Channel the joys and freedom of the roaring 20s
The 1920s were marked by the end of the Spanish Flu—a pandemic that’s not entirely different from the one we’re currently enduring. It was also a period of prohibition, which means that people were not allowed to manufacture, sell, and purchase alcohol, forcing people to be creative every time they wanted to party. Why not capitalize on the fact that we are also in the 20s and that we can have our own post-pandemic era right now? Here are some ideas for you to achieve this concept:
- Create the atmosphere by investing in some jazz musicians
- Switch to a Gatsby-inspired interior and hold flapper parties that Daisy Buchanan would be proud of
- Partner with a vape business to encourage people to find alternative and healthier ways to smoke
Bolster your delivery services
If your business survived the worst of the COVID-19 crisis, then it’s highly likely that your restaurant pivoted to delivery services as soon as lockdowns were announced early last year. You must have mastered the art and science of excellent delivery services, and you must for sure be more aware of the best practices that will keep your customers coming back for more. Now that the world is opening up again, surely we no longer need delivery services?

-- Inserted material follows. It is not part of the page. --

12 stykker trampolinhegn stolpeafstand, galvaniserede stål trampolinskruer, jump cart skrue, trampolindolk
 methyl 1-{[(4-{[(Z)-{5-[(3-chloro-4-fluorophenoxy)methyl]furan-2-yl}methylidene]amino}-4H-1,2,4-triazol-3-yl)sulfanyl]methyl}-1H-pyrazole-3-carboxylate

Experts say we still do. We live in a time when customers are most accessible to restaurateurs, and even before the pandemic, this trend has seen steady growth, and the numbers project that food delivery sales will grow to as much as $220 billion by 2023. This is hypergrowth that was no doubt accelerated by the pandemic, but it’s a revolution that has been taking place long before the novel coronavirus found its first host. This is why pandemic or not, economic lockdown or not, you will need to keep bolstering and improving your delivery services. You must continuously find ways to improve your operations to ensure that your customers keep coming back. Here are some ways you can capitalize on quarantine trends that will most likely remain post-pandemic:
- Design menus, meals, and lunch boxes for employees working from home. Not everyone has time to cook, so you will be servicing a sector of society (or at the very least, your town) that has a demand for sumptuous food delivered straight to their door.
- Consider asking your customers for feedback and reviews. Not only will you gain valuable insight from what they have to say, but you would also be communicating that you care about them having the best customer experience with your restaurant.
- Stay up to date on all the apps, platforms, tracking software, and other tech tools that can help improve your experience as a business owner and make things easier and more convenient for your customers. There will always be new apps and platforms, as well as businesses, that you can partner with to ensure that your restaurant offers the best food delivery service out there.
A word of caution
While there are still so many reasons to practice precaution, we can still do so without sacrificing some joy and fun in our places of business. Just make sure to stay on top of the number of cases in your area and abide by state regulations on social distancing and maximum capacity. While we may be at the tail end of the pandemic, we’re still battling with new variants that may be more vaccine-resistant than others, and it is still incumbent upon us to protect our employees and customers.
The COVID-19 crisis has not been good for businesses across the world, and dine-in restaurants were some of the first casualties. If your business survived the past year and a half, congratulations! Now the battle begins again, and believe that there are plenty of tools at your disposal to ensure that your restaurant doesn’t just live another day, but gets to thrive and succeed.